2004-01-08 Thread Kent Boogaart
Howdy,

 I took a look at lucene's indexing code.  It seems like you
 can construct an Analyzer from a Reader (so an
 InputStreamReader constructed from the InputStream returned
 by ServletContext#getResourceAsStream
 would work), and then use a RAMDirectory as the IndexWriter's
 Directory argument.  Alternatively you an use an FSDirectory
 if you want to save the index to disk, use the one directory
 where the container will let you write, the directory
 accessible via (File)
 servletContext.getAttribute(javax.servlet.context.tempdir);
 That should work, no?

Won't that index the JSP source ?

Probably.  AFAIK there's no way to get the HTML that a JSP page would
show without an actual request.

Yoav Shapira



Yes it does index the source code which was what I was trying to avoid.

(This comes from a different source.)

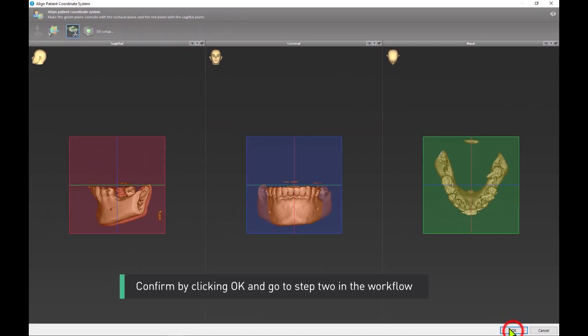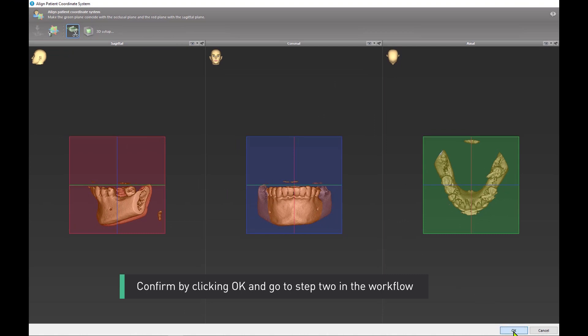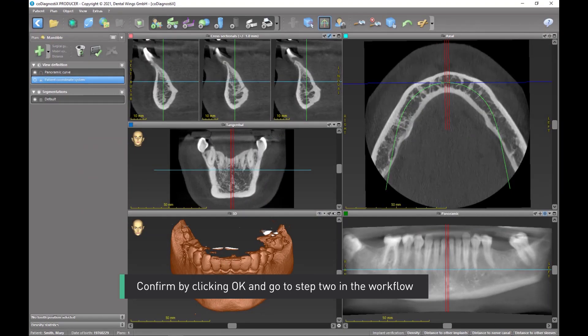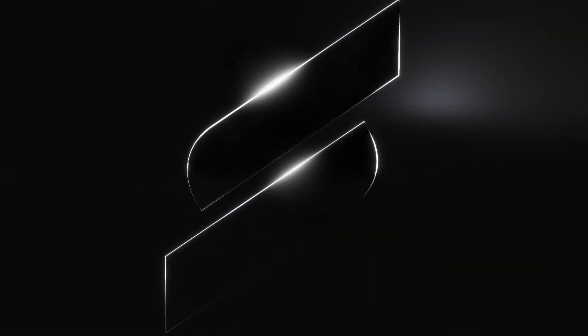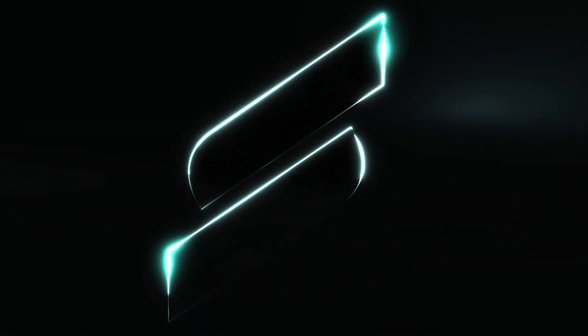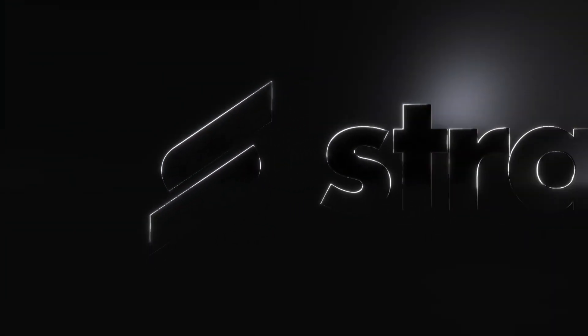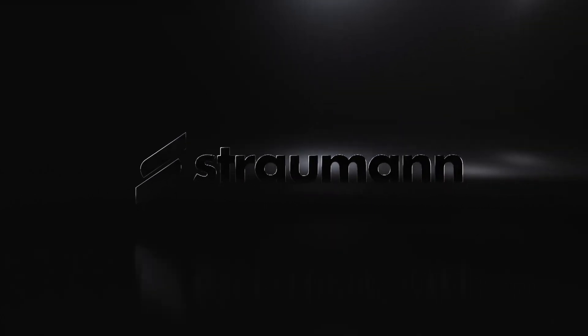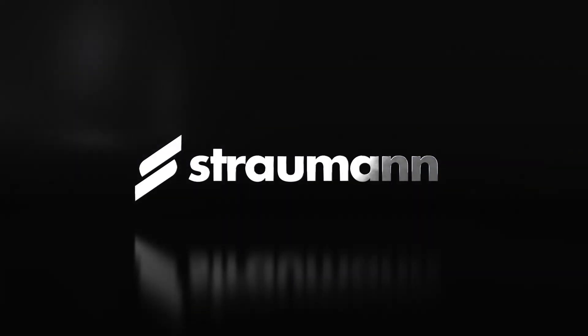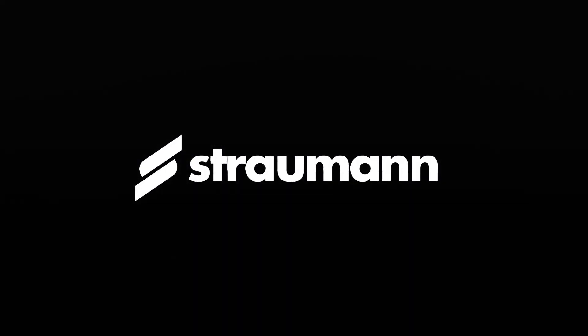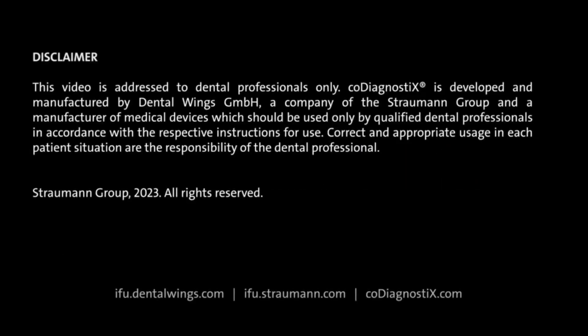Confirm by clicking OK and go to step two in the workflow.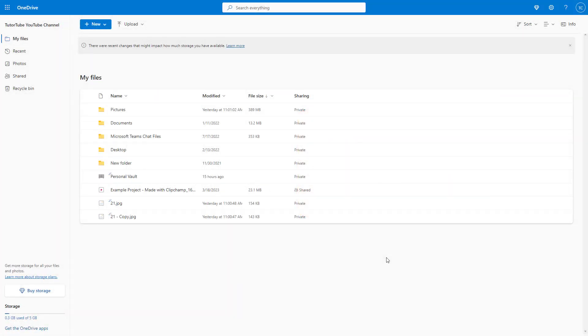Over here you can see that I am in the home page of Microsoft OneDrive and you can see that I got three files over here in the root area.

I
understand that I need to request the page in order to execute it. That is
why I was trying to construct a URL via which I could request it.

Anyhow, everything's working fine in terms of indexing (including JSP
execution). It's just that I was trying to eliminate the need for an
environment variable for the context path. I will use Jacob's generic method
of obtaining it instead of an env entry and all will be sweet.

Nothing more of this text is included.